Exercise inputs:
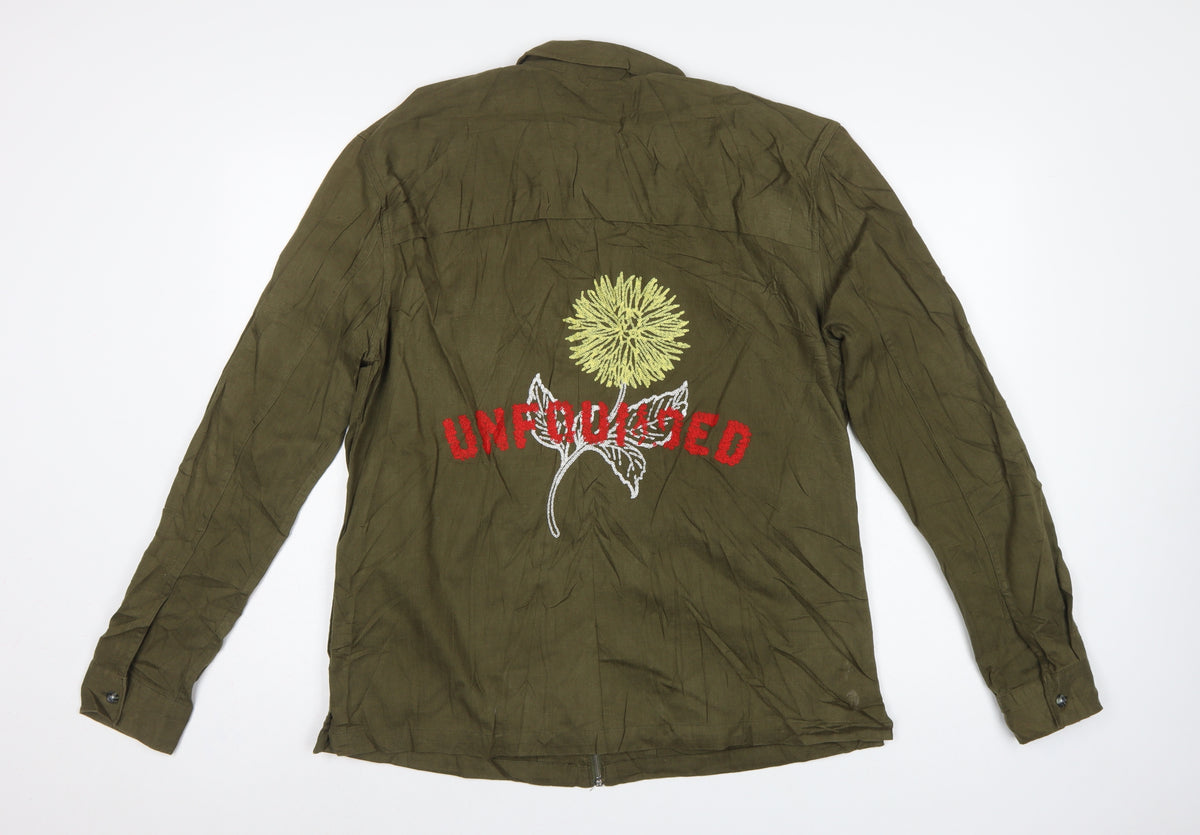 Topman Men's Green L Basic Jacket Embroidered Floral Cotton Zip Overshirt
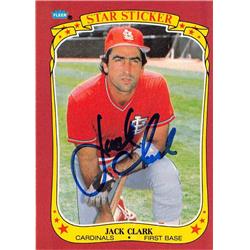 572308 St Louis Cardinals Jack Clark Autographed Baseball Card - 1986 Fleer Star Sticker No.24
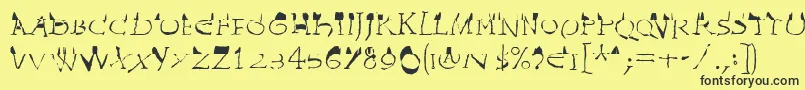 InvasionLtWilhelm Font – Black Fonts on Yellow Background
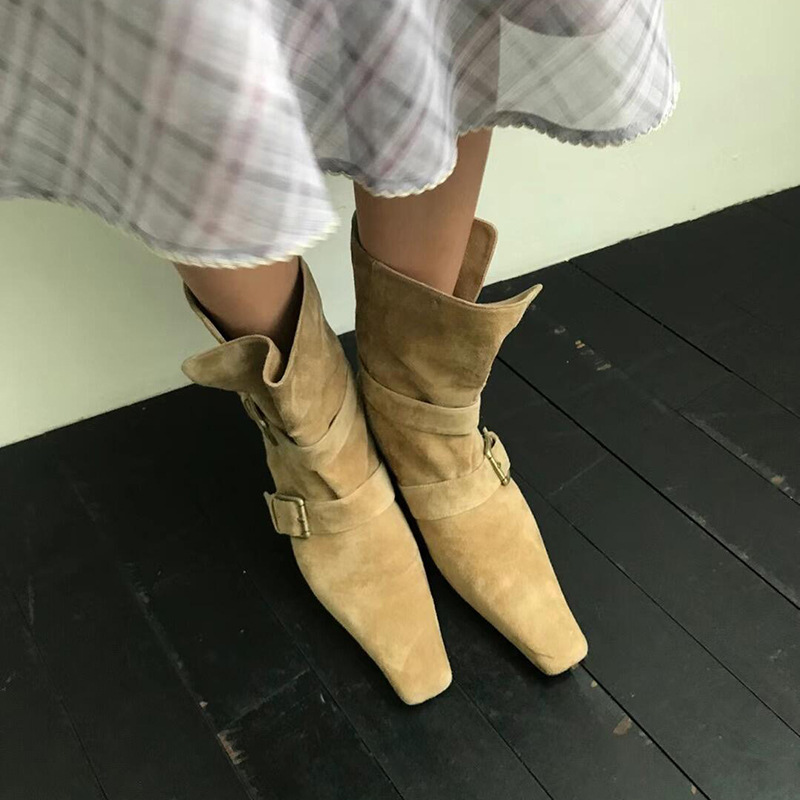 牛皮版靴子女新款复古方头绒面短靴女粗跟宽筒靴可折翻棕色西部靴|undefined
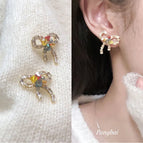 A Pair of Colorful Bow Earrings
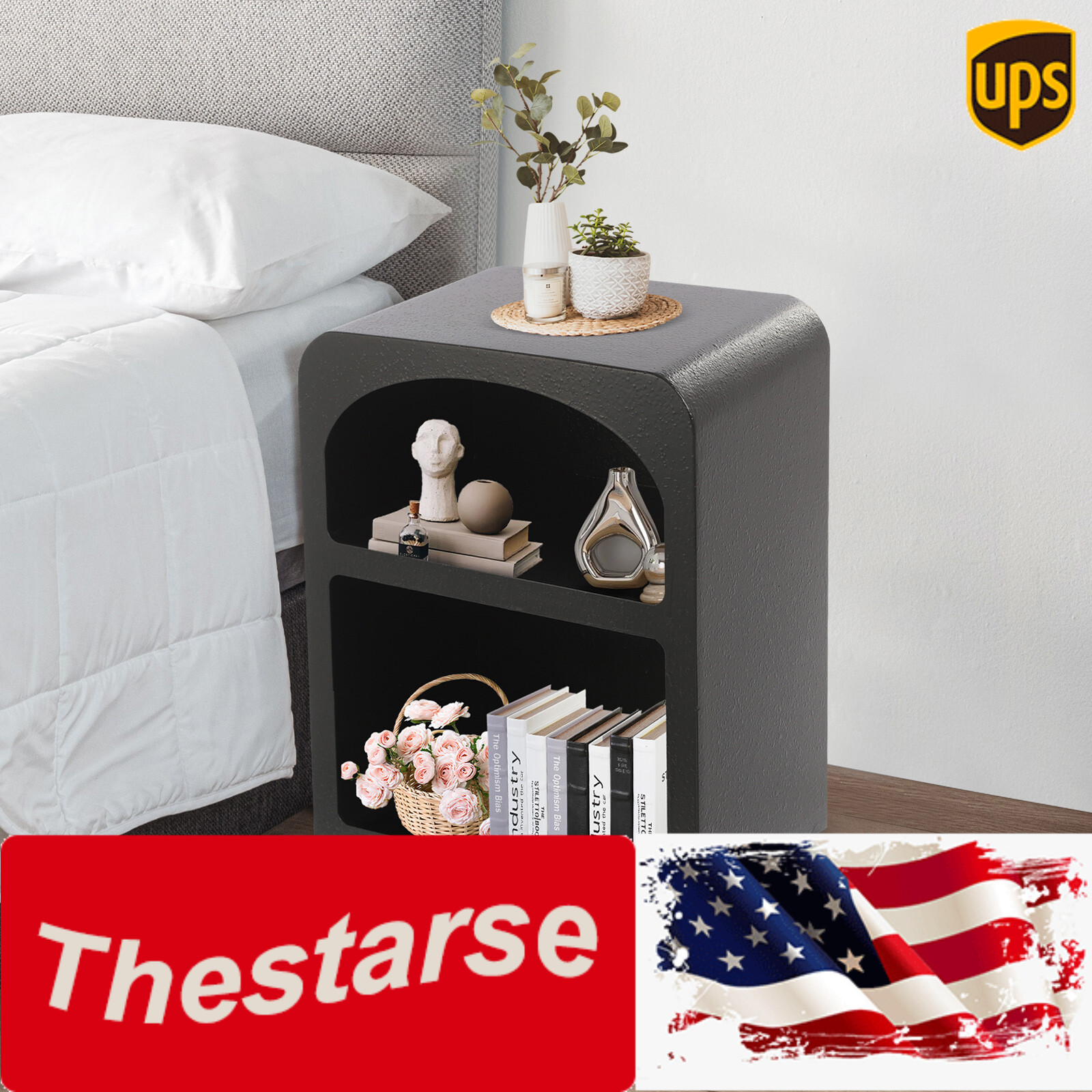 Bedside Table, Storage Cabinet for the Bedroom, Side Table with 2-tiers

Task requirements:
Pictures do not belong in your copy; restate word for word the lines from the one containing "572308 St Louis" through the last line of the records above.

The answer:
 572308 St Louis Cardinals Jack Clark Autographed Baseball Card - 1986 Fleer Star Sticker No.24
 InvasionLtWilhelm Font – Black Fonts on Yellow Background
 牛皮版靴子女新款复古方头绒面短靴女粗跟宽筒靴可折翻棕色西部靴|undefined
 A Pair of Colorful Bow Earrings
 Bedside Table, Storage Cabinet for the Bedroom, Side Table with 2-tiers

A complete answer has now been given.